Remember Love (Ravenswood #1)(66)
There was a tap on the door and it opened. Idris stood there, Devlin behind him.
“Dev wants to pay his respects to you, Gwyn,” Idris said. “He did not even realize you were here until I mentioned it just now.”
She turned in her chair.
“How do you do, Gwyneth?” Devlin said, moving into the doorway while Idris stepped back. “I wanted to thank you again for coming to Ravenswood yesterday. It meant a great deal to my mother to put on a show like that. I wanted to congratulate you too. Idris has been telling me about the competitions you have won with your harp music at the . . . Well, that Welsh word I can never quite get my tongue around.”
“Eisteddfod,” she said. “Thank you.”
“I can remember wondering the few times I heard you play when you were a girl,” he said, glancing at her harp in the corner of the room, “how on earth you could know which strings to pluck and how you could possibly make music from them. But you did.”
“After a lot of practice and grinding of teeth, it does become almost instinctive to pluck the right string,” she said.
He hesitated.

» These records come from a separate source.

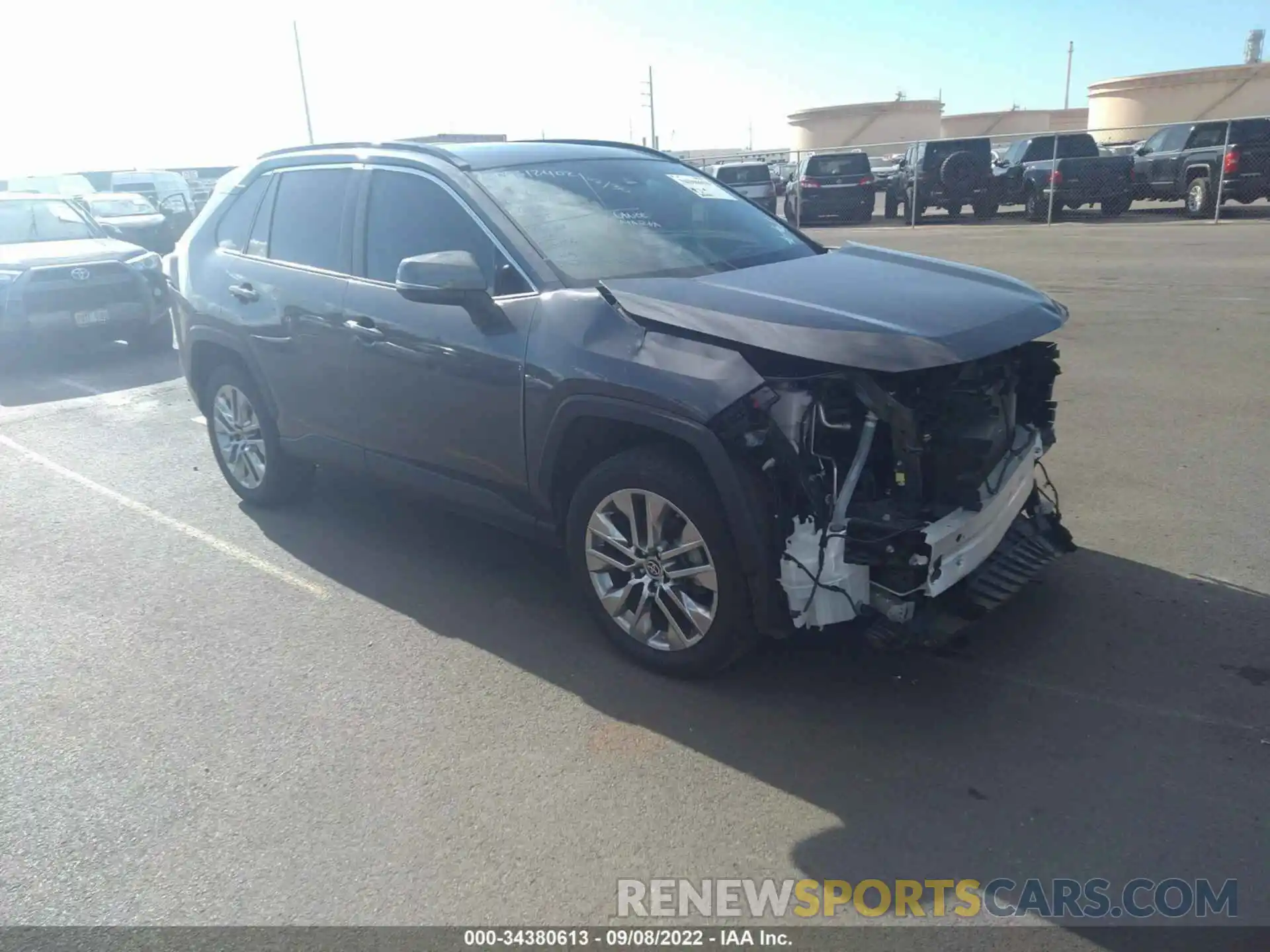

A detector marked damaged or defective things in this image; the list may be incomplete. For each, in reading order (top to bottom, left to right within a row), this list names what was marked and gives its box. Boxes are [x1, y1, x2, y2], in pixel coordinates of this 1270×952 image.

crumpled hood [0, 237, 144, 270]
crumpled hood [604, 242, 1072, 373]
damaged front end [716, 340, 1072, 650]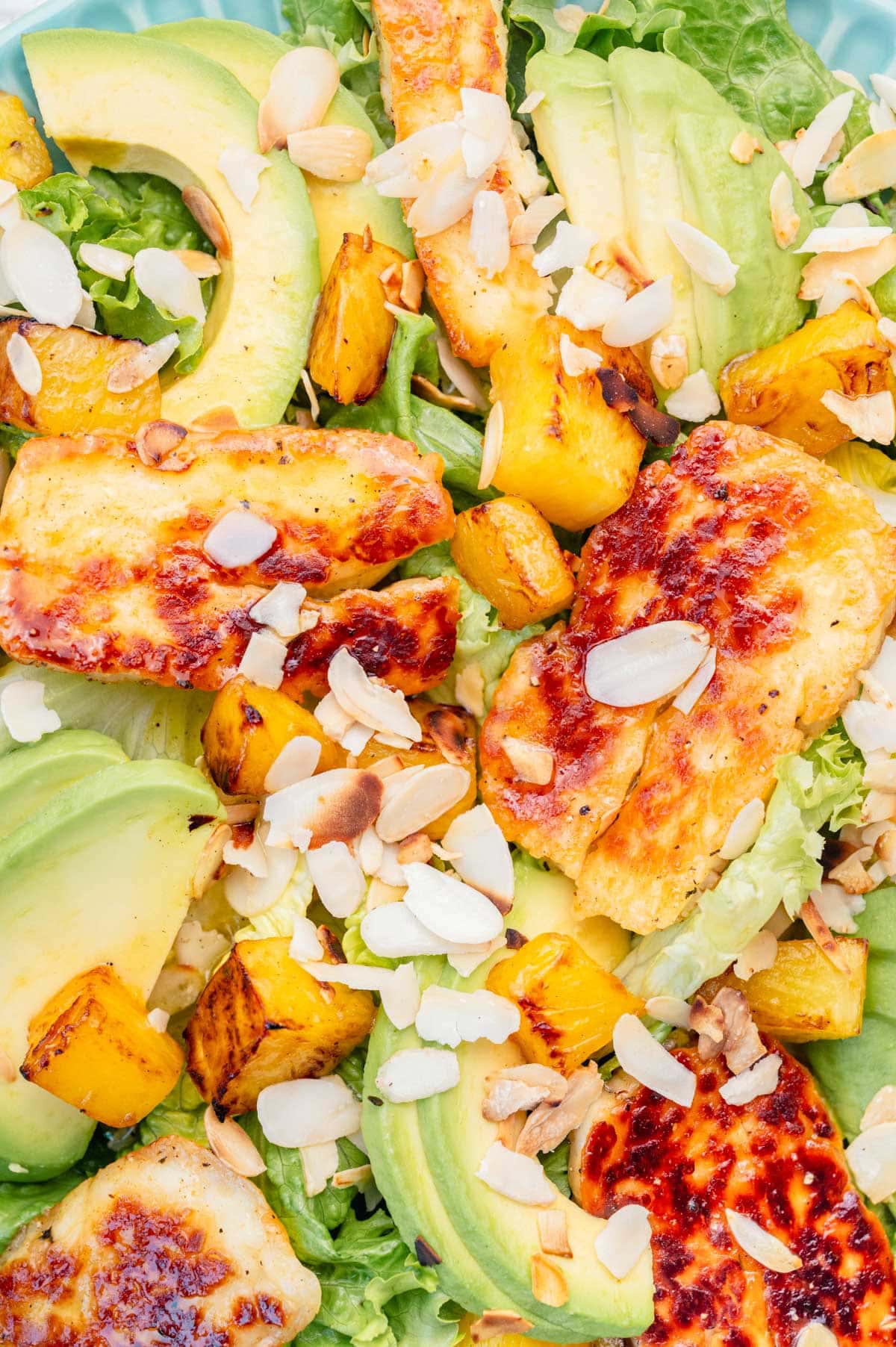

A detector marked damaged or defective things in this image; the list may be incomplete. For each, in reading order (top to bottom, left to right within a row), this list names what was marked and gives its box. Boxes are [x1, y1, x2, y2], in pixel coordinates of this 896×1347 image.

charred halloumi [369, 0, 552, 366]
charred halloumi [0, 428, 455, 689]
charred halloumi [482, 426, 896, 932]
charred halloumi [0, 1136, 319, 1347]
charred halloumi [573, 1045, 895, 1341]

She hesitated.
And then she heard herself say something quite unplanned. “Would you like to hear it now?”
His eyes came to hers. “I would,” he said. “If I am not interrupting something important, that is.”

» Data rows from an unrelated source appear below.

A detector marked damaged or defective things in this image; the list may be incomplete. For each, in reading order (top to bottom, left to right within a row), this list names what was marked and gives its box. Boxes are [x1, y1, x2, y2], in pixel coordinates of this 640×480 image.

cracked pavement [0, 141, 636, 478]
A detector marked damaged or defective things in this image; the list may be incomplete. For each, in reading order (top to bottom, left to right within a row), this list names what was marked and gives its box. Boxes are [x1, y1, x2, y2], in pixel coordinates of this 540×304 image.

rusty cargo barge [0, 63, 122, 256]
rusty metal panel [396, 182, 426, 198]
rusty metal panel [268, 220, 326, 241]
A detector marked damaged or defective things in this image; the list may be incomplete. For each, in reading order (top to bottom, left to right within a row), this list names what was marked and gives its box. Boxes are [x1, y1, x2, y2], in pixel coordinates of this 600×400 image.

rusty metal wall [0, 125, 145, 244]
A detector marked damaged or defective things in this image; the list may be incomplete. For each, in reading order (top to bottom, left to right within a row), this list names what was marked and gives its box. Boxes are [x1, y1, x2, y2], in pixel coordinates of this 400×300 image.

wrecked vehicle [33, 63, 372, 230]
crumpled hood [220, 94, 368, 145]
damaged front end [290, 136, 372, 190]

“I have finished my letter,” she said, getting to her feet and crossing the room to her harp.
Devlin advanced farther into the room and stood watching. Idris propped a shoulder against the doorframe, folded his arms, and crossed his feet at the ankles.
She played a few simple folk melodies, first without any embellishment, then with. By the time she had finished, Devlin had taken a seat closer to her and Idris had disappeared, half closing the door behind him.
“I have always considered music undisciplined,” Devlin said. “Or maybe that is the wrong word. It must be played correctly and with much concentration and practice, so it is not by any means undisciplined. But it is not played for the intellect and the understanding, is it?”
She did not know what reply to give him. She gave none. She stood the harp upright again but did not rise from her chair. He was frowning down at his hands—until he looked up and directly into her eyes. “It represents chaos. It bypasses thought and reason and . . . discipline. It speaks directly to the emotions.”
“And emotions are by definition chaotic?” she asked him.
“Yes,” he said without hesitation. “They are unstable. Hard to control. Impossible to master.”
“Should not emotions sometimes be surrendered to?” she asked. “In a safe way? Through music and art and fine literature?” Why had she used the word safe?
“Is that not like a drunk thinking it safe to allow himself one drink?” he asked in return.
“No, I do not believe so,” she said. “If one surrenders to the power and beauty of music and art, one is not therefore doomed to react to every experience of life with undisciplined emotion.”
Are you afraid to love? She almost—ah, she almost—spoke the words aloud.
“Has Idris offered you tea? Or something stronger?” She got to her feet.
“Play again,” he said—quite illogically in light of what he had just been saying. “You used to sing. Do you still?”
“Yes,” she said.
“Can you play and sing?” he asked.
“Yes.” She sat again and tilted the harp down to her shoulder. She rested her hands against the strings and thought of what she would choose. She sang the haunting lyrics of “Barbara Allen”:
’Twas in the merry month of May
When green buds all were swelling
Sweet William on his death bed lay
For love of Barbara Allen.
And so on to its sad conclusion, the rose growing from William’s grave twining about the briar that grew from Barbara’s. Gwyneth pressed her hands to the strings to still the vibrations.
“It does not really matter that the story is rather unbelievable, does it?” she said. “Or do you simply want to give William a swift kick for allowing himself to die of unrequited love?”
She smiled. He did not.
He sat gazing at her until his eyes narrowed slightly. “The song relies for its effect upon the raw emotions we all feel from time to time,” he said. “Even the conviction that unfulfilled love might kill us. Or that it ought to kill us because there seems no further point in living.”
“Yes,” she said. And she sang a Welsh folk song—in Welsh:
Y deryn pur a’r adain las,
bydd i mi’n was dibryder.
O brysur brysia at y ferch
Lle rhois i’m serch a’m hyder
O gentle dove with wings so blue,
fly quickly to my lady.
And take to her a message true,
while in her garden shady.
Another rather sad song. Why were so many folk songs heart wrenching? But so beautiful? She did not sing the English words aloud.
She looked up just as he was swallowing. And something had happened to his eyes, though whatever it was disappeared almost immediately. Ah, she thought, he was so full of darkness. And pain? There must be pain. Why else the darkness? She had the sudden conviction that feeling had been suppressed in him for a long time. Perhaps since that harrowing visit he had paid here as he was leaving home more than six years ago. Now he could see emotion—love—only as chaos that threatened his control over his life. Ah, Devlin.